Category G made up 49 percent of the ISD's total test value and 45 percent of its total value. A review of the Category G sample ratios in the 2007 PVS indicates that the CAD appraised from as low as 42 percent to a high of 295 percent of market value, with a weighted mean ratio of 1.03.
Category J made up 1 percent of the ISD's total test value and 6 percent of its total value. A review of Category J sample ratios in the 2007 PVS indicates that the CAD appraised from as low as 82 percent to a high of 112 percent of market value, with a weighted mean ratio of 0.95.
While these figures show the range of property ratios in Harrison CAD, a clearer measure of appraisal performance includes how many of these ratios were within 10 to 25 percent of the median ratio. The median ratio is the ratio in the middle of all the other ratios when sorted by size.
These figures, in conjunction with the coefficients of dispersion (CODs) outlined below, measure the consistency of a CAD's property appraisals at the same percentage of market value, without regard to value. A low COD combined with high ratios indicate equitable appraisals, while a high COD paired with low ratios indicate inequitable appraisals.
Elysian Fields ISD
The median ratio for Category A was 94 percent, with 54 percent of the ratios within 10 percent of the median and 75 percent within 25 percent of the median ratio.
The median ratio for Subcategory D3 was 54 percent, with 24 percent of the ratios within 10 percent of the median and 48 percent within 25 percent of the median ratio.
The median ratio for Category G was 100 percent, with 37 percent of the ratios within 10 percent of the median and 66 percent within 25 percent of the median ratio.
The median ratio for Category J was 93 percent, with 50 percent of the ratios within 10 percent of the median and 100 percent within 25 percent of the median ratio.
Harrison CAD Summary
The Harrison CAD overall median ratio was 1.00.
Category A sample ratios ranged from 0.37 to 2.10. The median ratio was 1.01.
Subcategory D3 sample ratios ranged from 0.17 to 1.74. The median ratio was 0.82.
Category F1, Commercial Real, sample ratios ranged from 0.34 to 1.25. The median ratio was 0.96.
Category G sample ratios ranged from 0.42 to 3.96. The median ratio was 1.01.
Category J sample ratios ranged from 0.44 to 1.26. The median ratio was 1.01.
Category L1, Commercial Personal, sample ratios ranged from 0.57 to 1.34. The median ratio was 1.01.
Coefficient of Dispersion
The COD, the primary measure of appraisal uniformity, measures the average percentage by which individual ratios vary from the median ratio. According to IAAO's Property Appraisal and Assessment Administration, a low COD indicates that appraisals within a category of property are uniform, while a high COD indicates property is being appraised at inconsistent percentages of market value. A COD that is very low, however, may indicate "sales chasing," a form of unequal appraisal.
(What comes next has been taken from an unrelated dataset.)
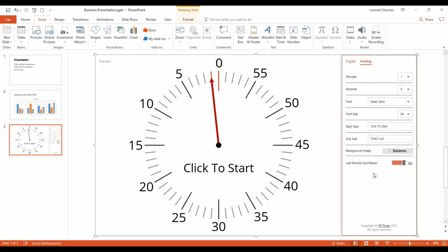By default, the analog clock is loaded. There is also a digital timer, but let's take a look at the analog one first.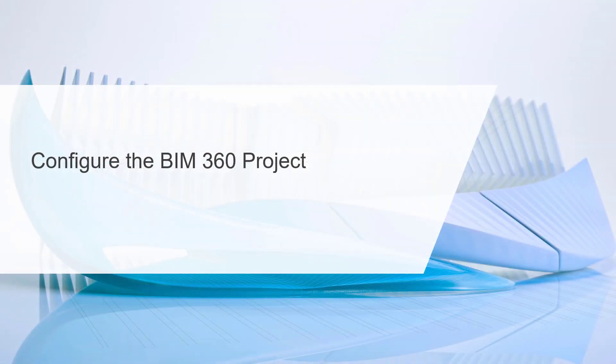The next thing we need to do is configure the BIM 360 project, because we need a BIM 360 project for the plant project to be installed. When you access BIM 360 Design, you should be able to get into a BIM 360 Docs environment.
According to IAAO's Standard on Ratio Studies, CODs for single-family residential property should generally be 15 or less, and 10 or less for new and fairly homogeneous areas. For vacant lots, and for income-producing property, the COD should be 20 or less. For other real property and personal property, CODs should reflect the nature of the property, market conditions and the availability of reliable market indicators.
The 2007 COD for Harrison CAD Category A was 12.18; Category D was 33.23; Category F1 was 14.71; Category G was 22.10; Category J was 12.82; and Category L1 was 7.94.
The 2007 COD for Elysian Fields ISD Category A was 15.27; Category D was 44.00; Category G was 25.85; and Category J was 12.37.
These numbers indicate inconsistency or lack of appraisal uniformity in appraisal in Categories D and G in the CAD and ISD and in Category A in the ISD.